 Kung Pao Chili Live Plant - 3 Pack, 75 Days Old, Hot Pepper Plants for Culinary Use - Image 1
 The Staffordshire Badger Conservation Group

---

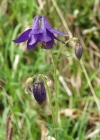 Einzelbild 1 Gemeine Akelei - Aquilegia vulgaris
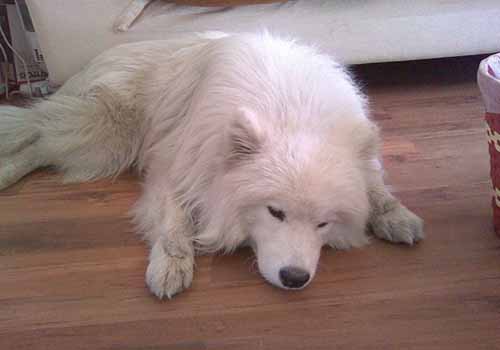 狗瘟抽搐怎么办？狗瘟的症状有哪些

...

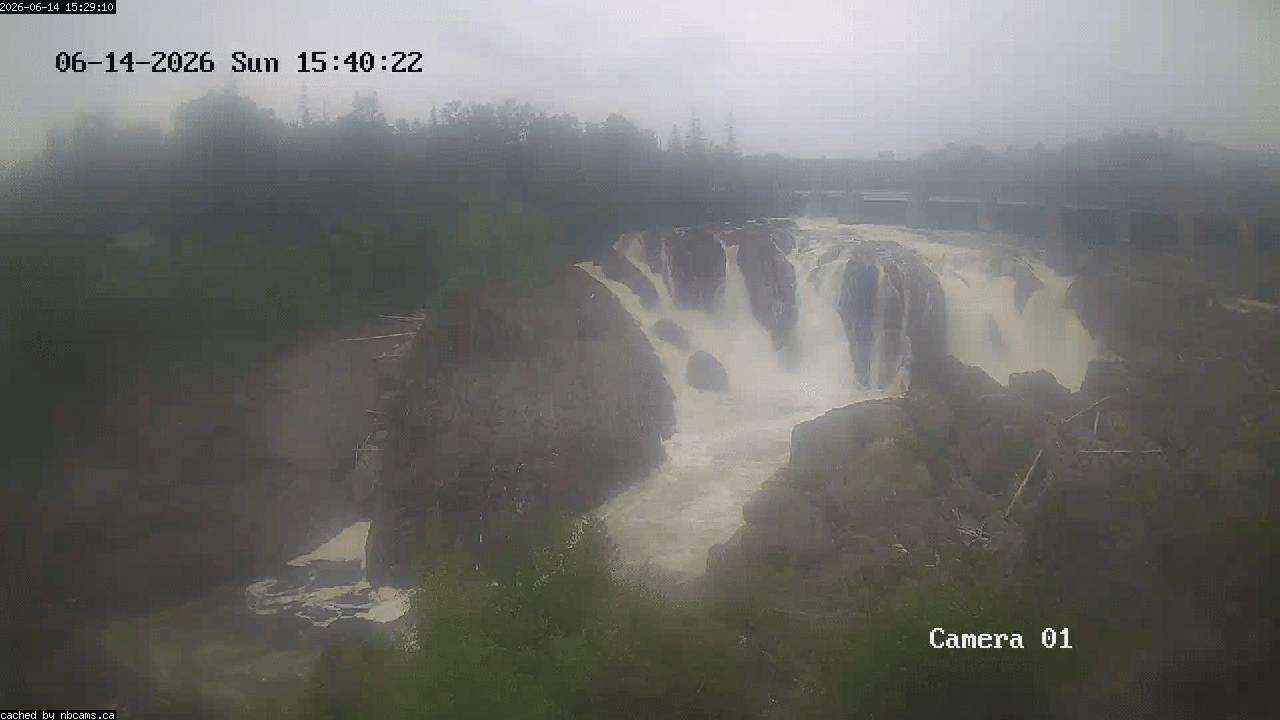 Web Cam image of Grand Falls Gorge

* WORK TO COMPLETE
Retype the records above, but only those lines that fall between the line containing "Kung Pao Chili" and the line containing "The Staffordshire Badger Conservation Group", with both of those lines included, exactly as written.

* OUTPUT
 Kung Pao Chili Live Plant - 3 Pack, 75 Days Old, Hot Pepper Plants for Culinary Use - Image 1
 The Staffordshire Badger Conservation Group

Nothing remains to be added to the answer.